CVPR2024-Papers-with-Code - Stay Informed with CVPR 2024's Innovations in Computer Vision

Welcome to the CVPR 2024 Papers with Code Collection!

The CVPR 2024 decisions have now been released on OpenReview, and this project curates a comprehensive collection of the most notable papers and their associated code repositories, making it easier for researchers, developers, and enthusiasts to access the latest advancements in computer vision. This collection is organized into a wide array of categories, reflecting the diverse subfields and interests within the computer vision community.

Quick Navigation

Below is a glance at some of the many categories included in the CVPR 2024 Papers with Code collection. Each category contains pioneering papers, gives you direct access to the code, and highlights new developments in their respective fields.

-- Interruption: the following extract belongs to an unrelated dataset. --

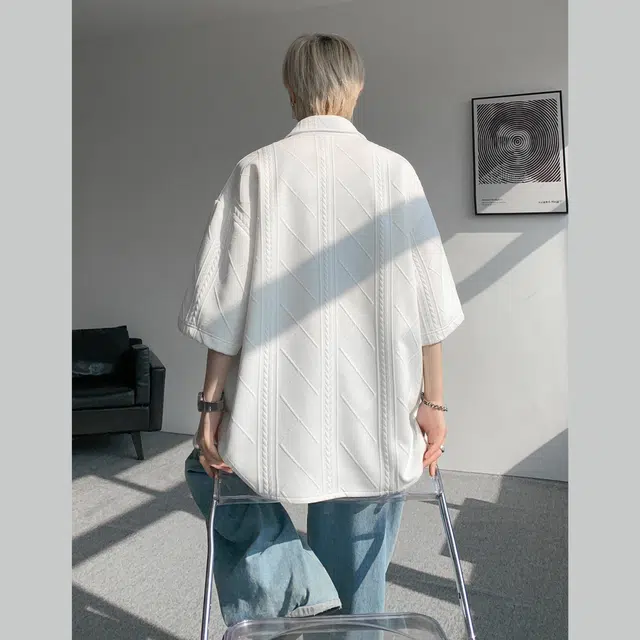 VIPGOOSE T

3DGS (Gaussian Splatting): Delve into advanced 3D rendering techniques. Check out "Scaffold-GS" for structured 3D rendering using Gaussians, which offers adaptability across views. For real-time applications, explore "GPS-Gaussian," which focuses on human view synthesis with great generalization.
Avatars: If realistic human avatars pique your interest, the project "GaussianAvatar" offers impressive modeling from single videos using 3D Gaussians.
Backbone: This section sheds light on innovative network architectures like "RepViT," which rethinks mobile CNNs through the lens of vision transformers, offering robust visual perception.
CLIP: Explore extensions to the popular CLIP model that enhance focus and fairness in vision-language learning with projects like "Alpha-CLIP."
Embodied AI: Technologies blending AI with physical entities are growing. Notable here are "EmbodiedScan" for holistic 3D multi-modal perception, and "MP5," which operates within Minecraft environments for open-ended intelligent systems.
NeRF (Neural Radiance Fields): Dive into "PIE-NeRF," which brings an interactive physics-based component to elastodynamics through NeRF.
Diffusion Models: A booming category for image generation. "InstanceDiffusion" provides instance-level control while "DeepCache" proposes acceleration methods that are resource-efficient.
Vision Transformer: This part of the directory offers insights into advanced vision transformers, highlighting work like "TransNeXt" for robust visual perception.
Object Detection: This category showcases advanced detection algorithms. For instance, "DETRs Beat YOLOs" presents developments surpassing even YOLO models in real-time object detection tasks.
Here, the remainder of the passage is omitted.